In Plato’s Symposium the same subject is addressed, but the view put forth is very different. The comic poet Aristophanes tells of how, in the beginning, the gods made human beings, and these humans were completely round. They had four arms and four legs, two heads and two sets of genitals, and they moved by bounding around like cartwheels. They were very boisterous and proud and thought very well of themselves. But they neglected to worship the gods. So Zeus decides to kill the lot of them. Some of the other gods, though, point out that, should he do that, there would be no one left to perform the sacrifices. Zeus, then, comes up with a different plan. He slices these round human beings right down the middle, then he sort of turns their arms and legs and heads and genitals around. So now these new humans, who have been very much weakened by being sliced in two, do nothing but run around looking for their other half. And that’s why there’s erotic desire.
It’s a funny story, and I don’t know whether Plato viewed it purely as a myth or as an actual event or as something somewhere in between. But what I find most interesting is that these original spheres, the first people—some of them were half male and half female, so when they were cut in two, the male halves looked for a female half, because that’s what had been cut off, and the female halves looked for a male half. But some of the spheres were originally all male and some were all female, and when they looked for their other half, the male halves looked for a male and the female halves looked for a female.

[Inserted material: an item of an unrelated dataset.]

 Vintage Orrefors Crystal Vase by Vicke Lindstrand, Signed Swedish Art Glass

Neither of these creation myths has any factual basis, of course. But each speaks of the power and quality of erotic desire, and each carries a strong cultural message and social picture. So the garden is imaginary, but the toads—that is, the social meanings—are real. And they are very different. In the biblical story, only desire between male and female is addressed, and desire between two females or two males would be aberrant. But in Plato’s account, erotic desire between people of the same sex is as valid and natural as that between people of opposite sexes. So that’s what I meant about the seriousness of religious stories.

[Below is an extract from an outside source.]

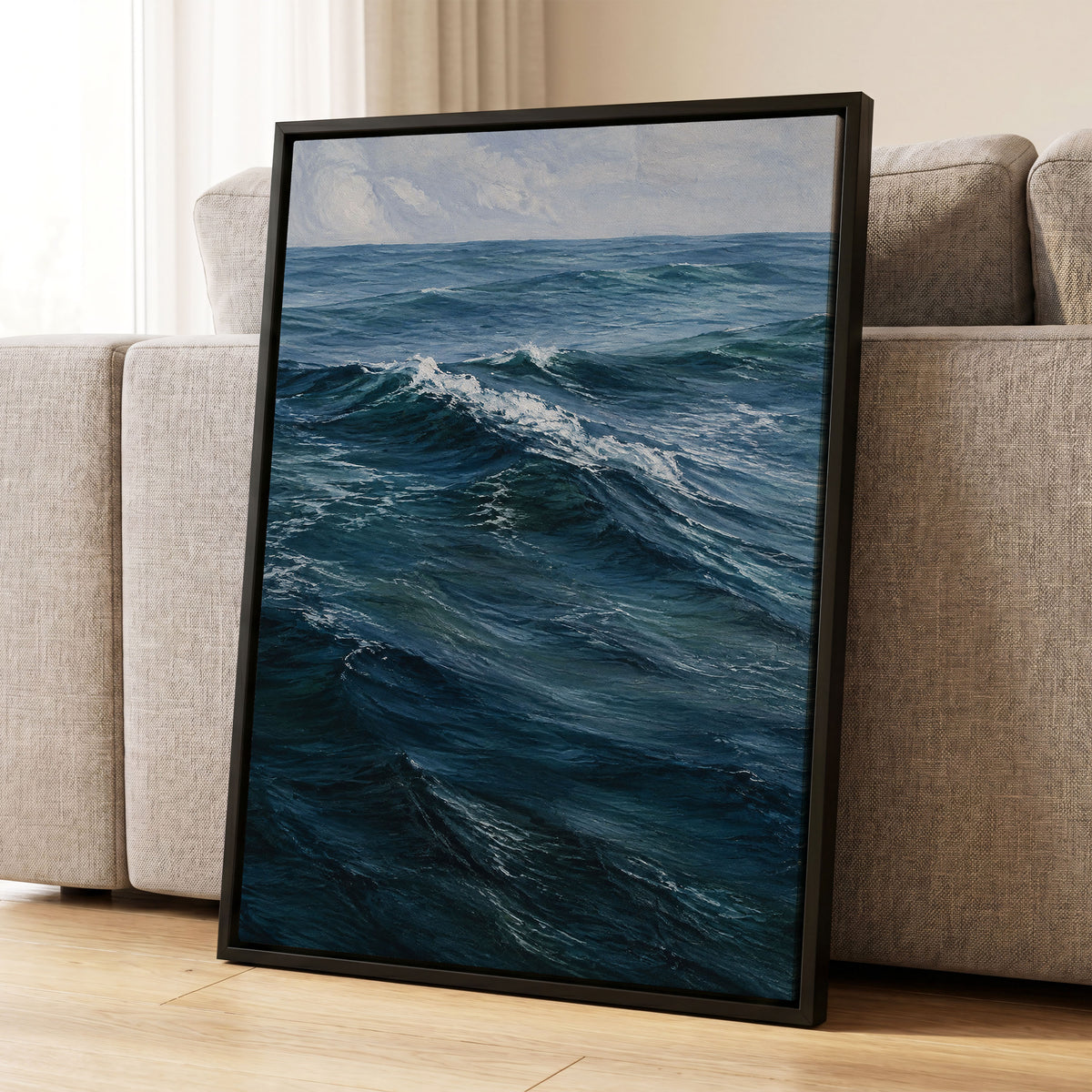 Restless Blue, blue, gray, white nature wall art displayed in a styled interior, gallery view 8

When New Yorker editor David Remnick profiled you some years back, you spoke of religious mythologies as being part of the “architecture of our thinking.” In other words, whether or not we believe in them intellectually or accept them consciously, they work on us unconsciously, shaping the way we understand and perceive ourselves and the world. Again, let me qualify what I said. I don’t think a culture’s religious mythology necessarily works on everyone in that culture or works on everyone to the same degree. But, yes, I think the stories and symbols of religion can affect us more deeply than we might know or believe.
When I began working on The Origin of Satan, I thought of Satan as a quaint, cartoonlike figure. So I was surprised to see the power the myth still holds. I learned that when people said things like “Satan is trying to take over this country,” they didn’t mean some kind of vague supernatural energy out there. They meant certain people who were motivated by the forces of evil, and they could give you names and addresses. The mythology of Satan clearly has a much deeper resonance than I, and many like me, had thought.

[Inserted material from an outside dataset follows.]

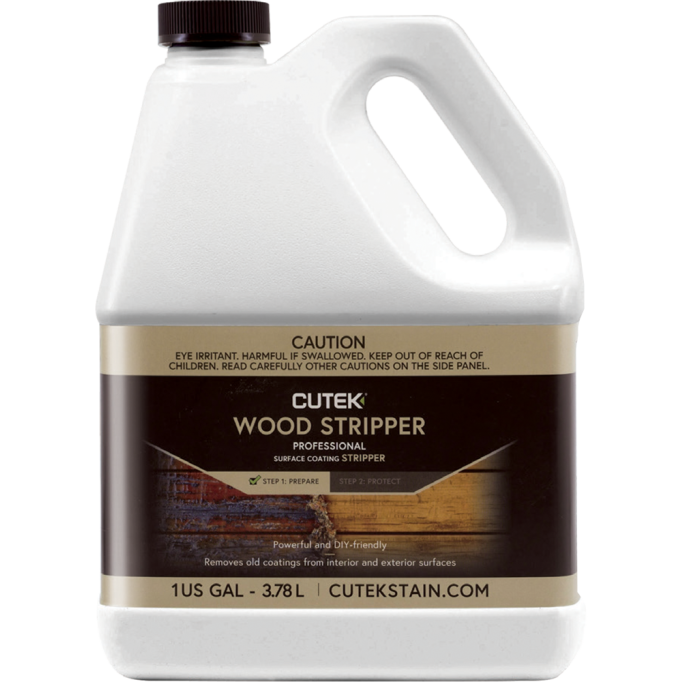 A white plastic bottle of CUTEK wood stripper with a brown screw-on cap, labeled as a professional surface coating stripper, containing 1 gallon (3.78 liters).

Look at the way the mythology plays in the unconscious of people, and you’ll understand the way it’s used politically. This idea of the forces of good fighting the forces of evil is something we’ve heard a lot of in recent years: “We’re going to wipe out the evildoers.” And as we’ve seen, when the rhetoric of the battle of good against evil is translated into strategic or military decisions, there’s no room, or even a reason, to negotiate.